Use the program below as an example of what you should emulate. Do not put my name on your listing, but yours instead.
; sum of 2 integers
; D. Thiebaut CSC103
; The program takes 2 variables stored in memory at
; Address 10 (and up) computes their sum and stores
; it in a 3rd variable.
@0 ;code section starts at address 0
start: lod var1 ;AC <- 3
add var2 ;AC <- 3+5 = 8
sto sum ;sum <- 8
hlt
@10 ;data section starts at Address 1
var1: 3
var2: 5
sum: 0
Make sure that you add comments to the right of each instruction indicating what the instructions do. Make sure you
indicate as well what the final result of the computation is.
Problem 2: Mystery Program
I have created a program with the simulator, translated it, and it has been loaded into memory. But instead of showing it to you as instructions, I am showing it you as numbers...
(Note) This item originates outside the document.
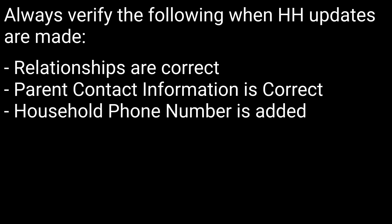This concludes the tutorial on updating households by using the census wizard to create a secondary household.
Your job is to reconstruct my original program, fully documented, as for Problem 1.
Challenging Problem
Preparation: Step 1
First load this program in the simulator and single step it. Click on cycle slowly and verify that whatever happens with the AC register makes sense:
@0
lod 10
add-c 1
sto 10
jmp 0
@10
5
You will notice that the program has an infinite loop and that it keeps on doing whatever it is doing... forever.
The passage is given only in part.